The group eats their fill, and when asked how to get East, the stranger offers to take them, but they must do him a favor – help his friends fend off some Neanderthals.


When asked by Broken Clay to point on the map where they are, and where the group is currently standing, the man looks it over and folds the map many times in an intricate pattern, “We’re here. You’ll go here.” The points are immediately next to each other.

As the sun rises, the group is scooped up in the man sized talons of the great thunderbirds and plummet off the mountain tops. Within a few flaps, the birds right themselves and the expanse of the steppe reaches out before them. Mastadons, bison, elk, saber-toothed lions, all scatter and storm away at the sight of the great bird soaring overhead.

The group is dropped, relatively gently, in some tall grass. A campfire is quickly scouted out and the group heads in that direction. Upon arrival, they meet a man in black face paint – the leader of this tribe – and he explains that the Neanderthal have been raiding from the north – across the river.

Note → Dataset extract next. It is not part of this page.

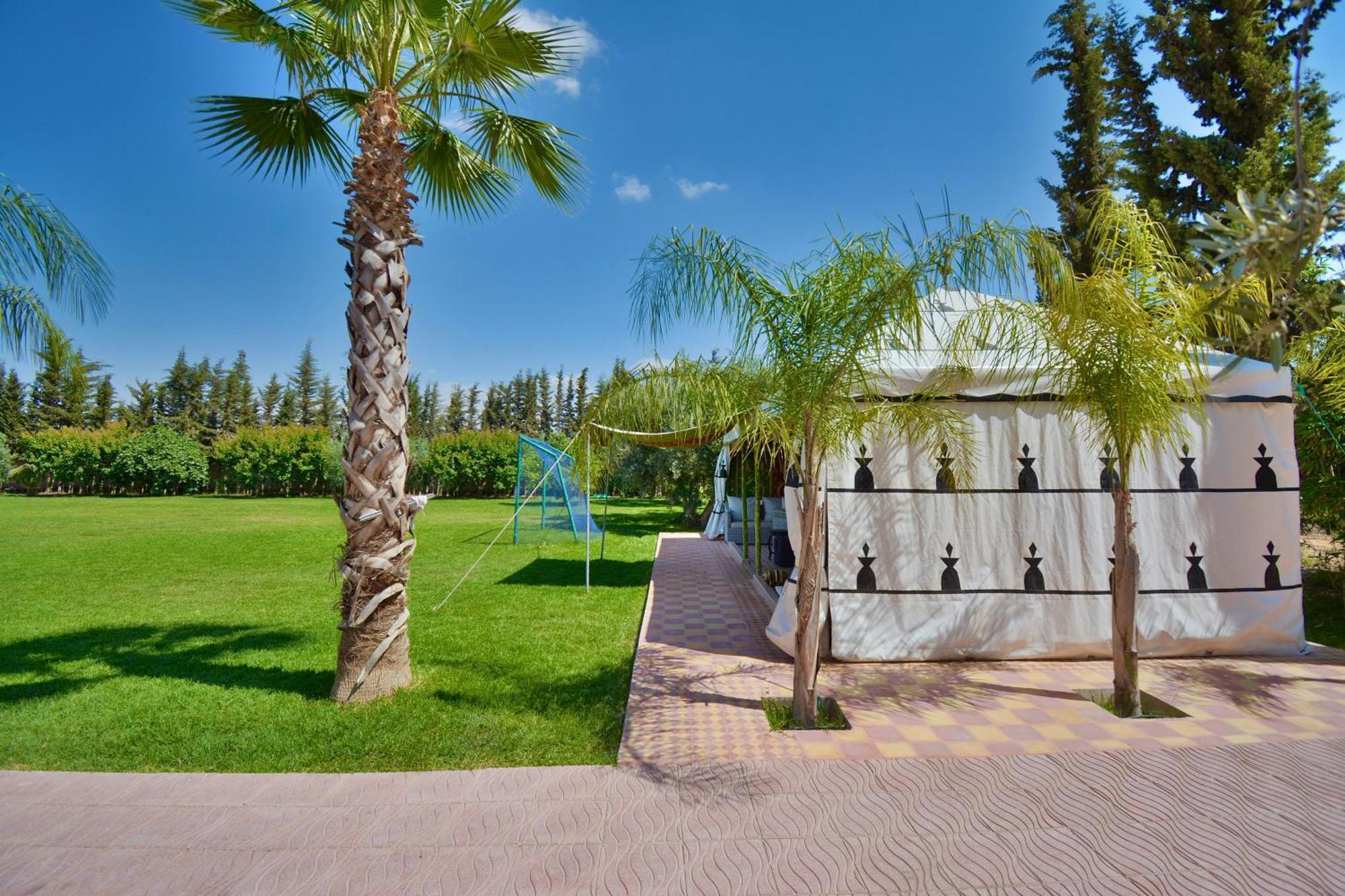 Ferme De Vacances Avec Une Grande Villa A Marrakech Marrakesh Eksteriør billede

As you all discuss the situation, the local warrior pack of Gnolls appears in the village – to some alarm.
An uneasy truce is brokered, and the humans, gnolls, and our ragtag group of god-sent vagabonds make a plan. Find the raiders, follow them back to their camp, and destroy them.

The human offers up his scouts and Tanka.

“What’s a Tanka?” Melvi asks.


A thundering trumpet is the reply…

Monday, August 11, 2014

Rules Change: Climbing

In order to make climbing statistically possible for characters trained in or strong enough to do it, I've revised rules ever so slightly.

If you pass the DC, you continue on at regular pace.
If you fail the DC by less than 5, you continue on at half pace.
If you fail the DC by 6-10, you do not move that round.
If you fail the DC by more than 10, you fall - normal rules apply to damage and saves.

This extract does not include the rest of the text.